La siguiente parada en la ruta es la localidad de El Naranjo, a la orilla del río San Pedro y a unos 35 kilómetros de México. Aquí, muchos hombres suelen exhibir sus armas colgadas del cinturón. Pueblan el embarcadero cambistas de dinero luciendo joyas de oro, coyotes que llegan con productos para vender de sus viajes al norte y lancheros.
El Naranjo está en el área de influencia de las bandas de narcotraficantes que controlan el norte guatemalteco, donde apenas llega alguna autoridad estatal y abundan las pistas de aterrizaje clandestinas. La presencia policial no es visible en las calles, a pesar de los 35 agentes destinados aquí y a un cercano cuartel del ejército. En julio, tres miembros de la PNC fueron asesinados a tiros.
Los emigrantes pagan unos cuatro dólares por el viaje a través de las solitarias aguas del San Pedro, en las que flotan hermosos nenúfares, bandadas de patos se hartan de pescado, y se sumergen los cocodrilos.
A poco de zarpar, las embarcaciones pasan por un puesto migratorio guatemalteco, donde los viajeros se registran sin que nadie les impida abandonar el país pese a no tener los documentos necesarios para ingresar a México.
El viaje sigue directo durante cerca de una hora hasta la frontera de El Ceibo. En un terreno árido y caluroso, cientos de puestos de venta se enfilan hasta la línea divisoria. Allí los emigrantes se mezclan con los mexicanos que cruzan a Guatemala para comprar más barato.
Paradójicamente, la frontera oficial permanece tranquila. Los agentes no se molestan en detener a los transeúntes que pasan, y apenas se ven vehículos. No obstante, Antonio Sánchez, agente de migración, reconoce que «por las montañas pasan muchos indocumentados».
Son los cerros que rodean la aduana y por los que Aurelí Paz, de 28 años, pretende pasar con ayuda de un coyote. Lleva cuatro días de viaje desde Honduras. Sentada en un recodo del camino de polvo y lodo, ve como otros emigrantes vuelven comentando «que el paso está difícil». Saben que si se pierden pueden pasar días caminado, y se exponen a las bandas de asaltantes.
La otra alternativa es cruzar por la frontera natural del río Usumacinta. Un cauce peligroso por sus corrientes, sólo atravesado por traficantes de droga, emigrantes y escasos turistas en busca del recóndito sitio arqueológico maya de Piedras Negras.

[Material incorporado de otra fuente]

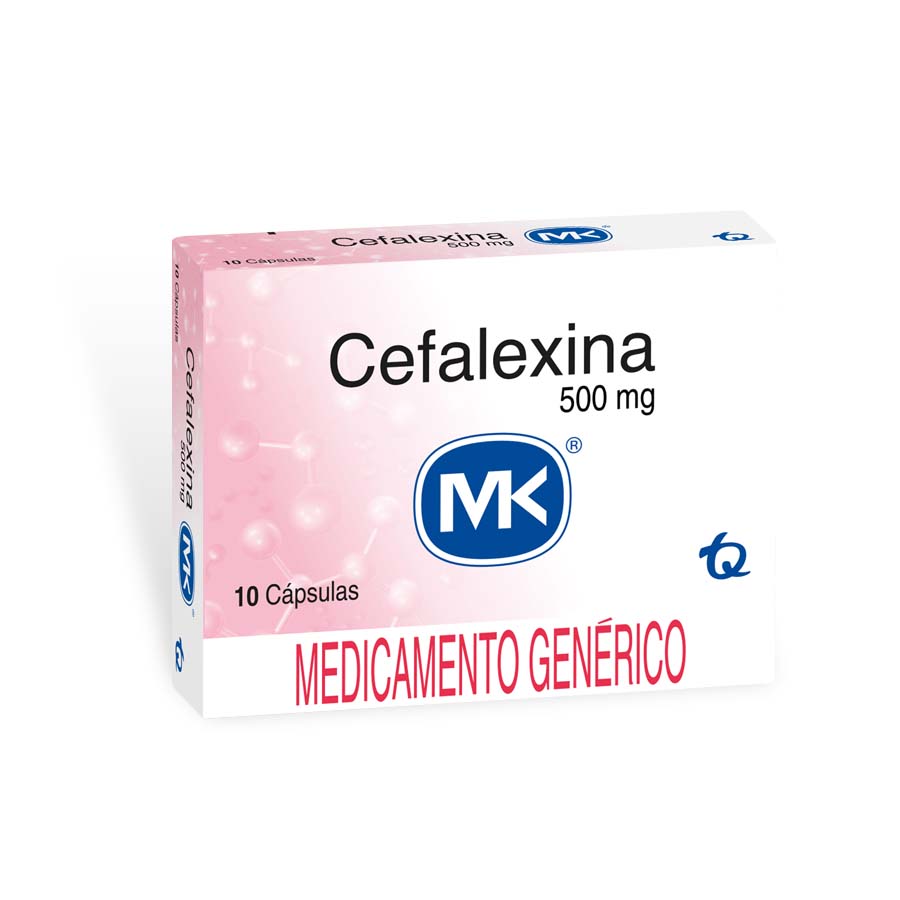  CEFALEXINA 500 mg TECNOQUIMICAS x 10 Cápsulas329187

Bethel y La Técnica son dos de los poblados desde donde parten las lanchas cargadas de indocumentados. La economía aquí se ha transformado: lancheros, coyotes y cambistas se han enriquecido estimulando el desarrollo a través de inversiones en tierras, construcción, negocios y adquisición de nuevos productos y servicios.
El último puesto migratorio guatemalteco está en Bethel. Pero Carlos García, agente del mismo, reconoce que si se recibe de noche información de algún movimiento sospechoso se niegan a actuar «por miedo a ser asesinados». De nuevo, el fantasma del narcotráfico subyuga a las autoridades de la zona.
En Bethel se cuenta que uno de sus vecinos, conocido como «El Colombiano» y lanchero ya legendario de emigrantes, expulsó al ejército mexicano del río.
La historia dice que tras tomarse unos tragos, buscó a las patrullas en su lancha y disparó contra ellas, provocando la ira de los soldados. Entonces los esquivó hasta llegar a una zona habitada del lado guatemalteco, hacia donde los mexicanos siguieron disparando con el consiguiente rechazo de la población local. «Después de eso, no pudieron volver a patrullar por el río», asegura César Estrada, residente de Bethel.
Estrada lleva hasta 40 mojados en su lancha por un total de 800 dólares. Sigue el río durante cinco horas para evitar los controles en tierra. En La Técnica se relaciona con coyotes que le encargan los viajes. Allí el silencio se impone entre la población, consciente de que el mejor negocio no siempre es el más legal. (FIN)
* Una versión de este reportaje fue publicada originalmente en El Diario de Hoy, de El Salvador.